Pictures with short captions:
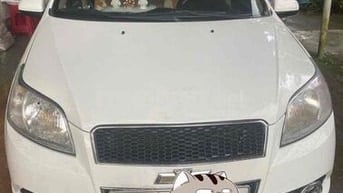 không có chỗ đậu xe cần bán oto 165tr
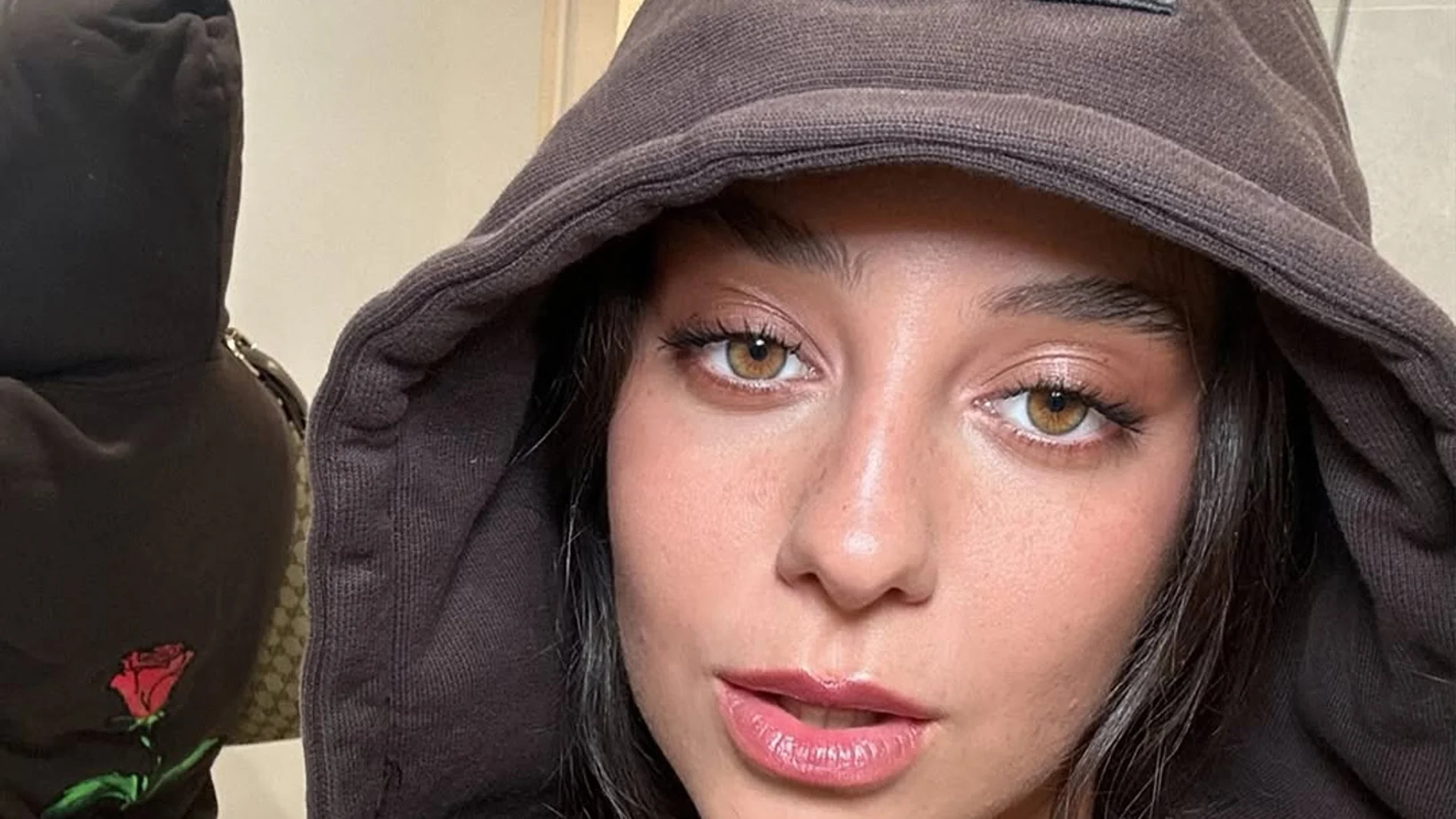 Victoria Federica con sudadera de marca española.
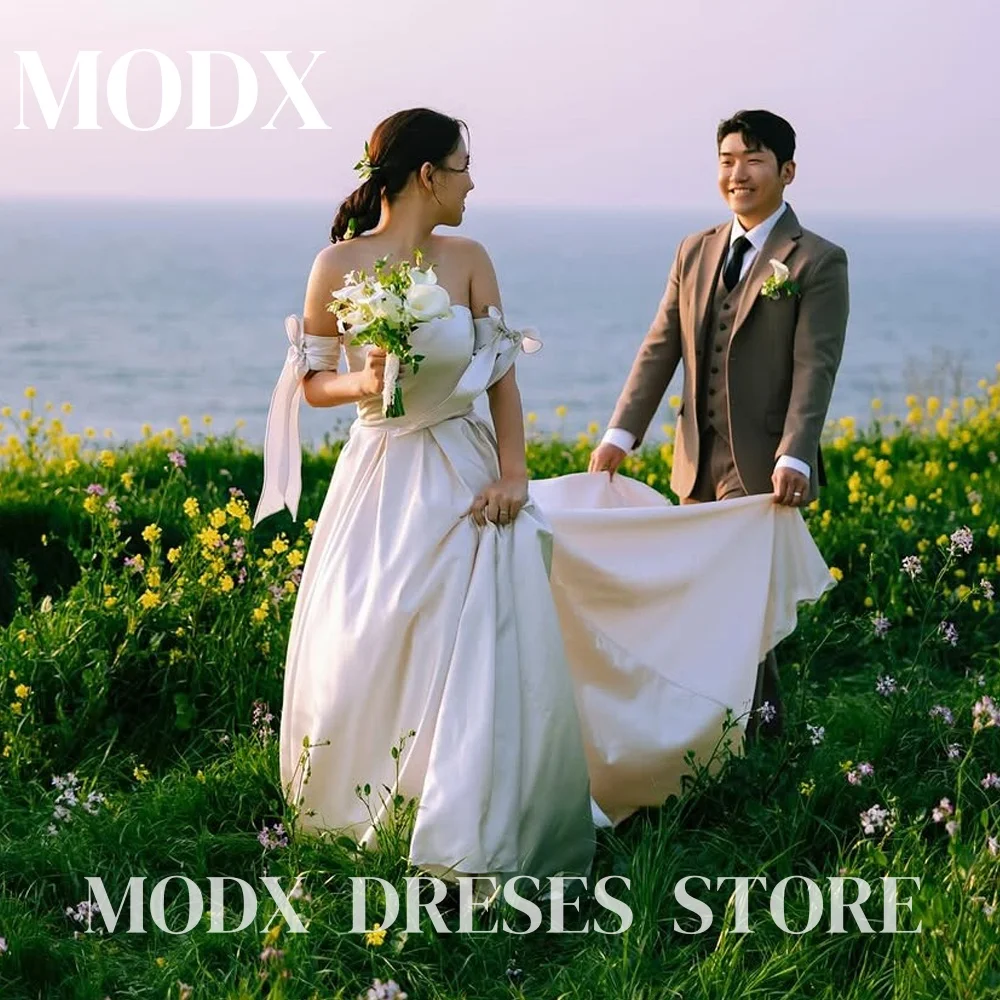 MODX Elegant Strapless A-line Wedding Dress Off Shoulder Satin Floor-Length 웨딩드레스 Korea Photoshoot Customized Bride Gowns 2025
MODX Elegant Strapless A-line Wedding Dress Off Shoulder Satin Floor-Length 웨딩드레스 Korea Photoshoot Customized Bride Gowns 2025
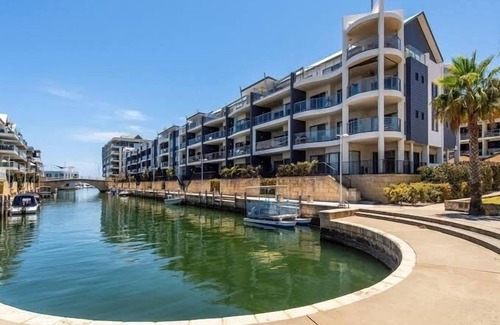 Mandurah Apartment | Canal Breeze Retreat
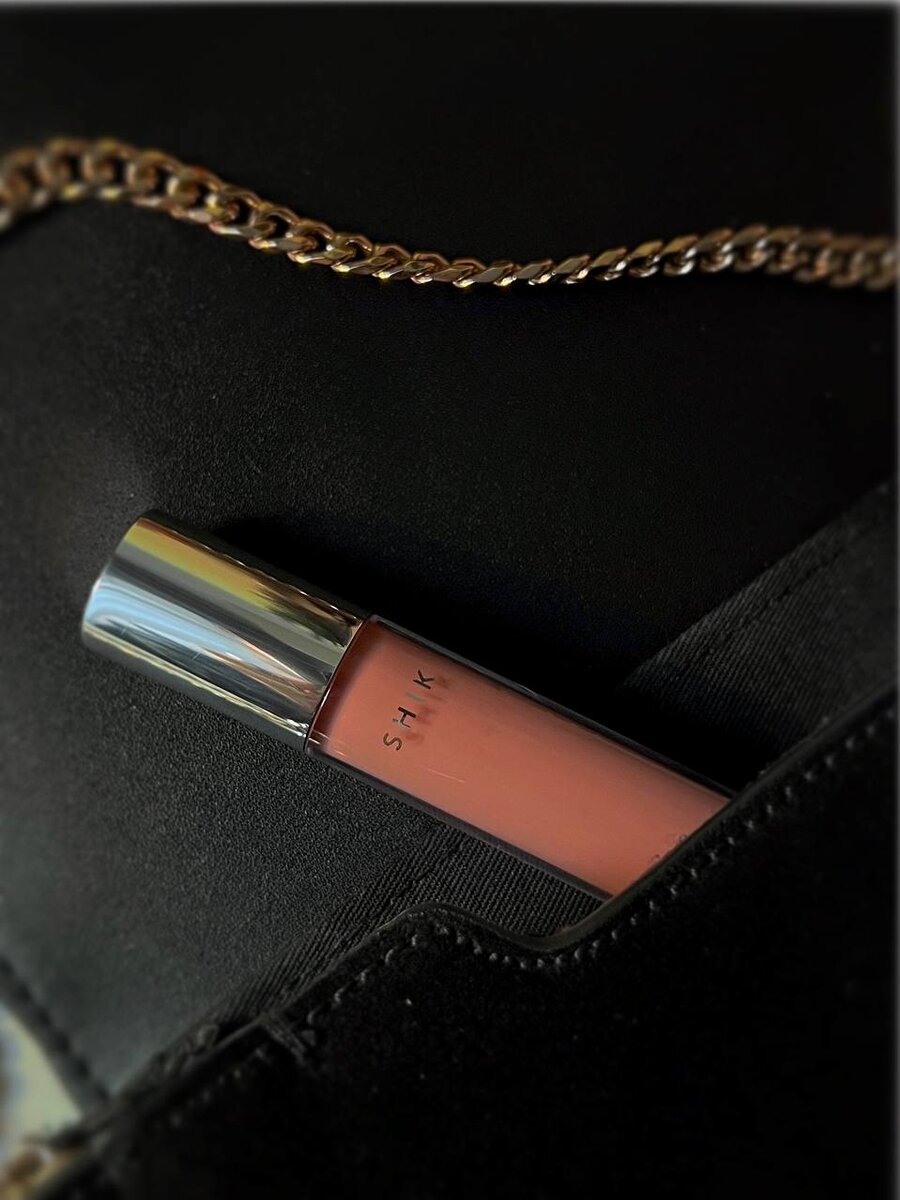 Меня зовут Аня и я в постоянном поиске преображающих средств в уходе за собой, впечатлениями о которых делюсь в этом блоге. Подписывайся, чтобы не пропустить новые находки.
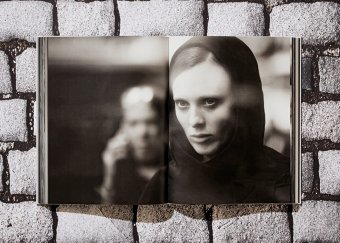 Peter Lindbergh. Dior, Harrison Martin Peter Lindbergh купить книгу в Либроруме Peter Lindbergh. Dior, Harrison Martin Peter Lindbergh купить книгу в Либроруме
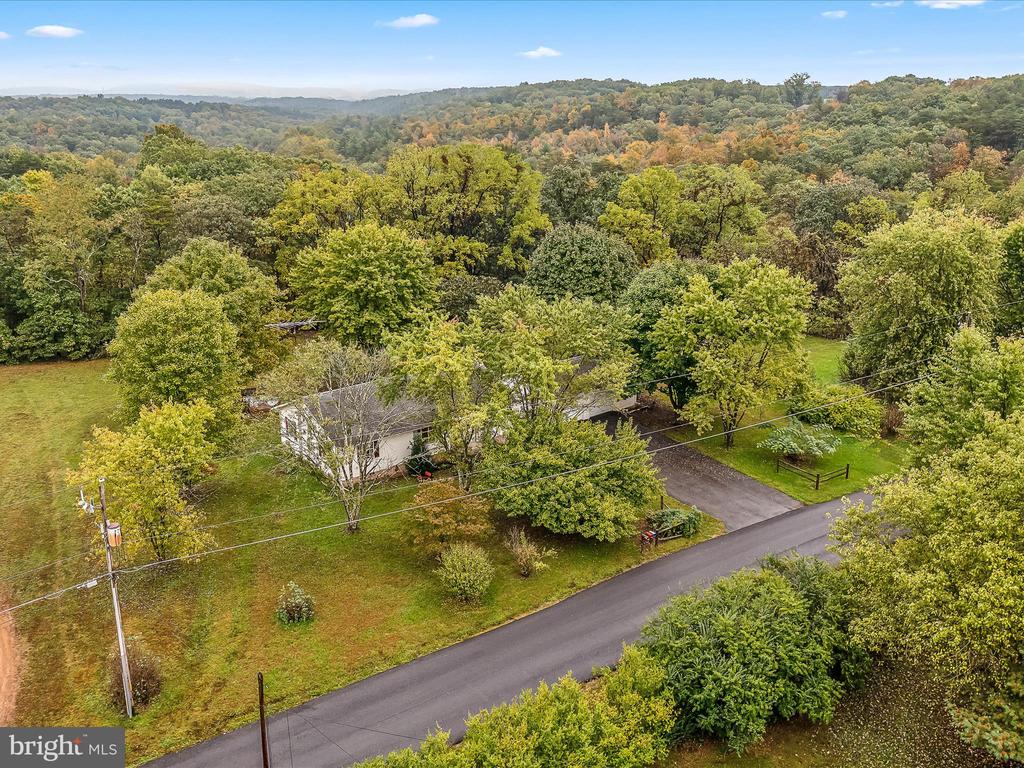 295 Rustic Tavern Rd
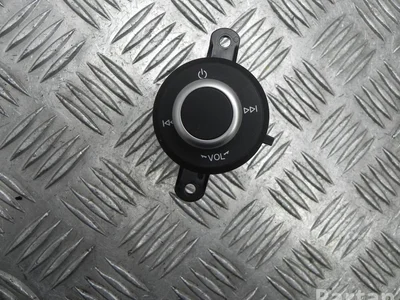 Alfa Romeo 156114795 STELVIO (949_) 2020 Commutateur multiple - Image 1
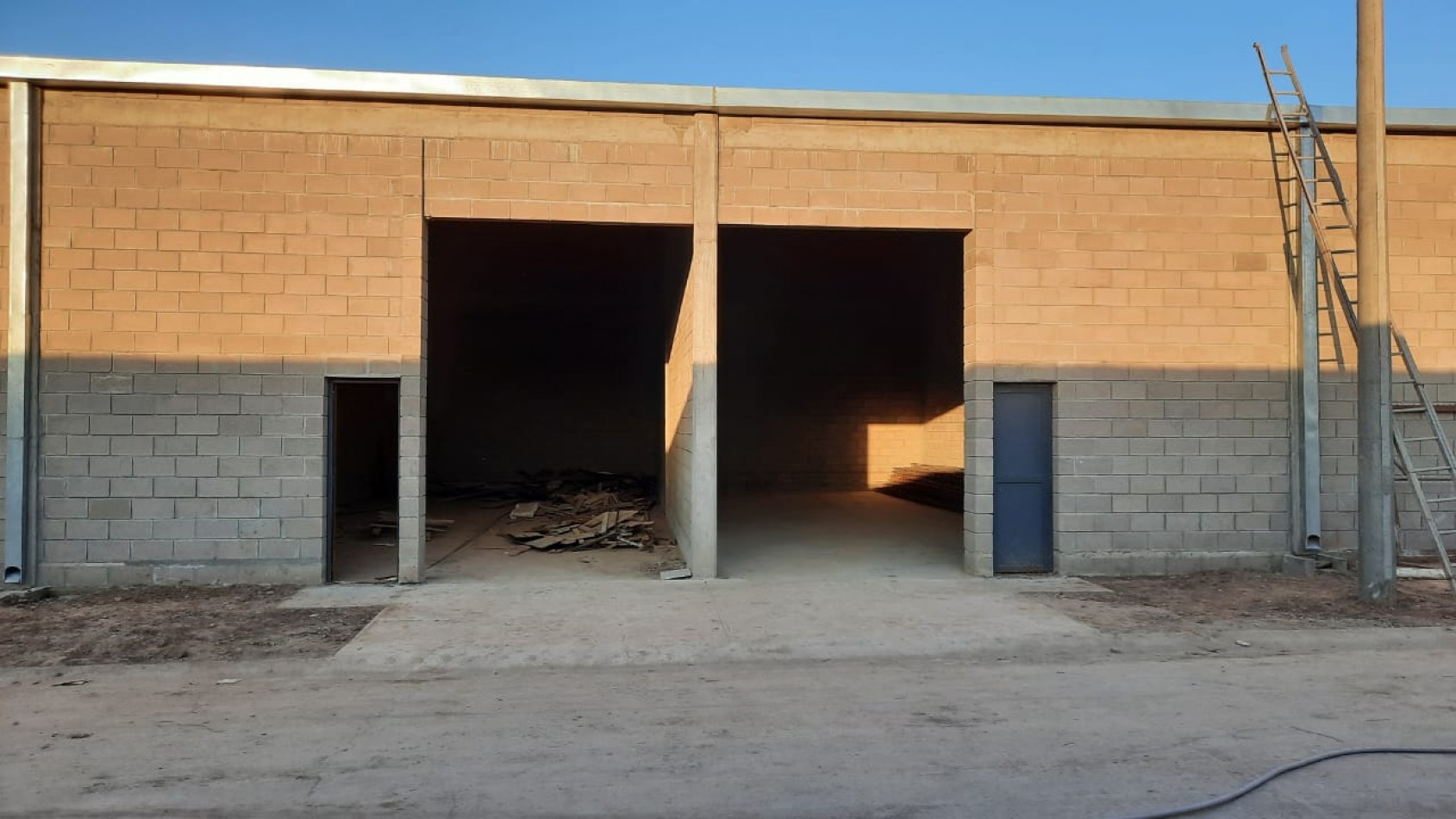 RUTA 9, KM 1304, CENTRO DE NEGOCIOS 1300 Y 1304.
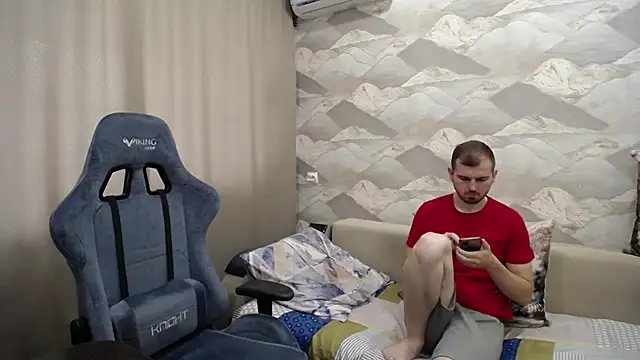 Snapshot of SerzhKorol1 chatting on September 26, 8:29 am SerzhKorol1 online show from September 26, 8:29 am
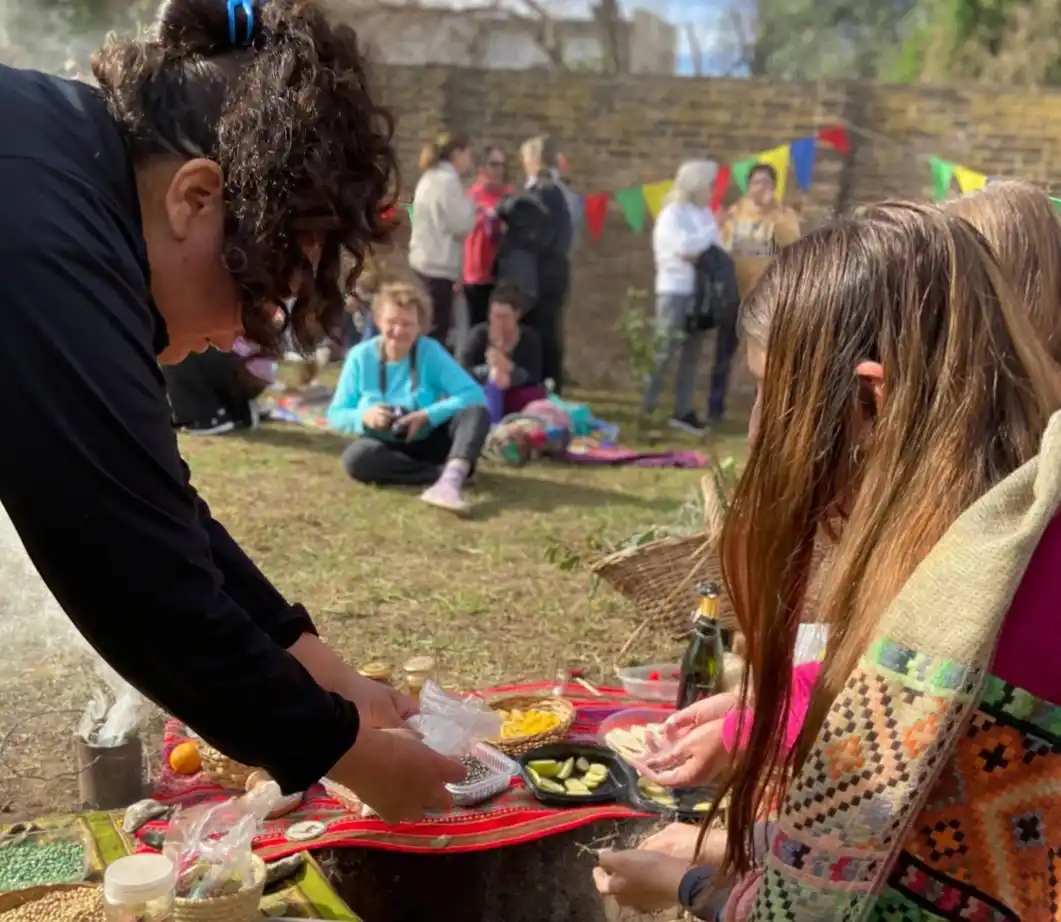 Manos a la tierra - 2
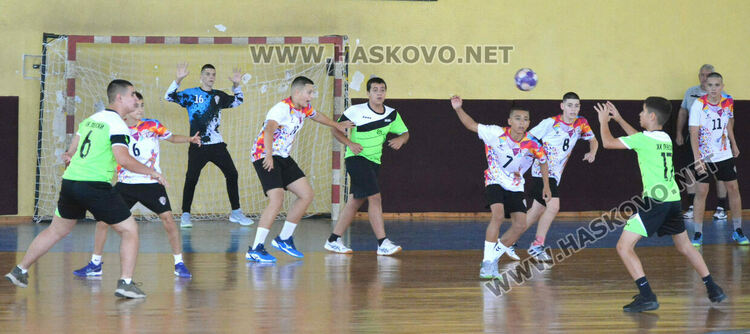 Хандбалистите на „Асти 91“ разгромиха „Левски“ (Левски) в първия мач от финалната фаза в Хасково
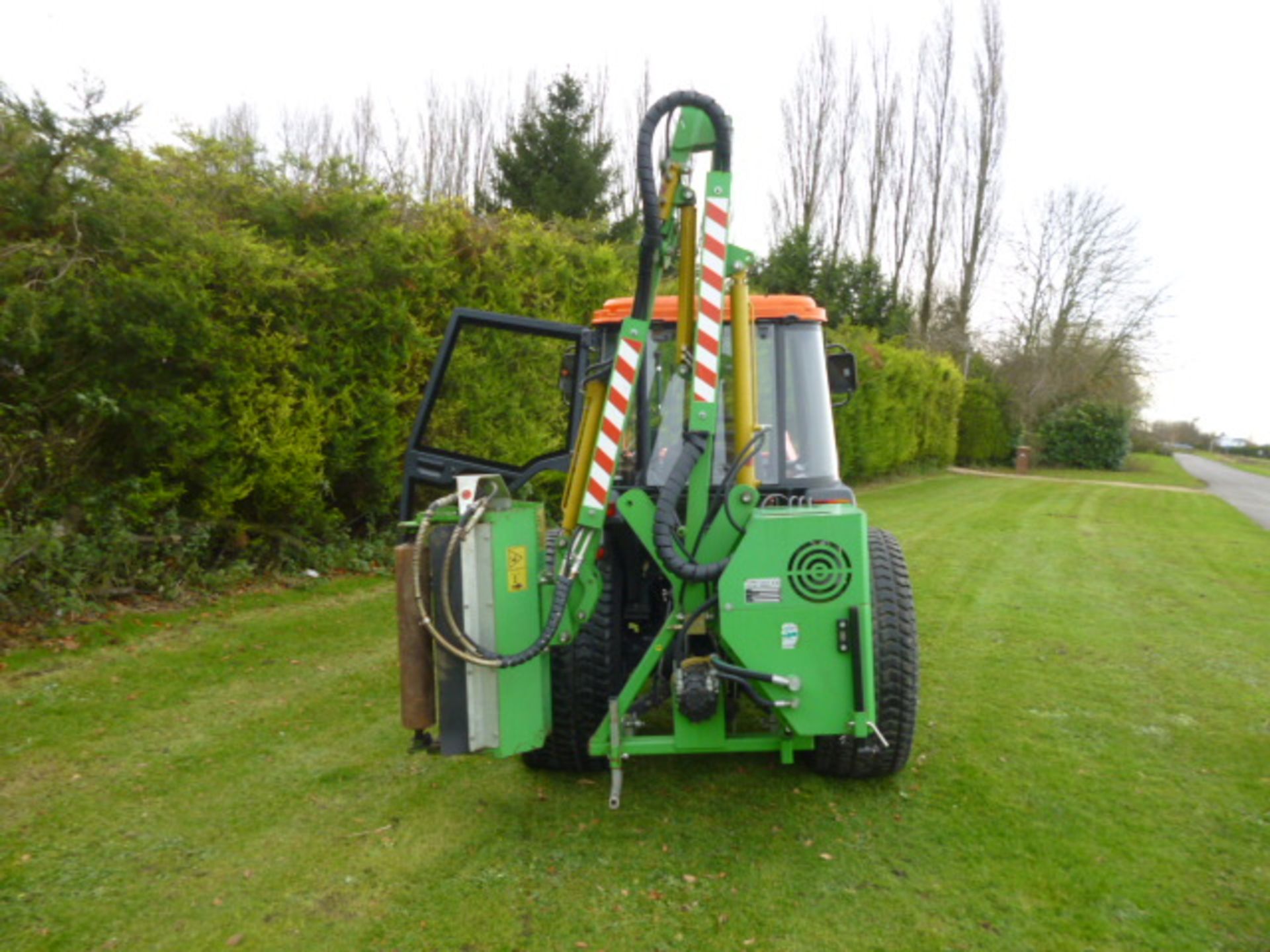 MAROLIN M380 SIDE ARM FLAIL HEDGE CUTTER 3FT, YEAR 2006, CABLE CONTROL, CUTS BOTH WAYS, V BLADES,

▶ **Problem statement**: Copy out every line of the data exactly, leaving the images behind.

▶ **Output of the task**:
 không có chỗ đậu xe cần bán oto 165tr
 Victoria Federica con sudadera de marca española.
 MODX Elegant Strapless A-line Wedding Dress Off Shoulder Satin Floor-Length 웨딩드레스 Korea Photoshoot Customized Bride Gowns 2025
MODX Elegant Strapless A-line Wedding Dress Off Shoulder Satin Floor-Length 웨딩드레스 Korea Photoshoot Customized Bride Gowns 2025
 Mandurah Apartment | Canal Breeze Retreat
 Меня зовут Аня и я в постоянном поиске преображающих средств в уходе за собой, впечатлениями о которых делюсь в этом блоге. Подписывайся, чтобы не пропустить новые находки.
 Peter Lindbergh. Dior, Harrison Martin Peter Lindbergh купить книгу в Либроруме Peter Lindbergh. Dior, Harrison Martin Peter Lindbergh купить книгу в Либроруме
 295 Rustic Tavern Rd
 Alfa Romeo 156114795 STELVIO (949_) 2020 Commutateur multiple - Image 1
 RUTA 9, KM 1304, CENTRO DE NEGOCIOS 1300 Y 1304.
 Snapshot of SerzhKorol1 chatting on September 26, 8:29 am SerzhKorol1 online show from September 26, 8:29 am
 Manos a la tierra - 2
 Хандбалистите на „Асти 91“ разгромиха „Левски“ (Левски) в първия мач от финалната фаза в Хасково
 MAROLIN M380 SIDE ARM FLAIL HEDGE CUTTER 3FT, YEAR 2006, CABLE CONTROL, CUTS BOTH WAYS, V BLADES,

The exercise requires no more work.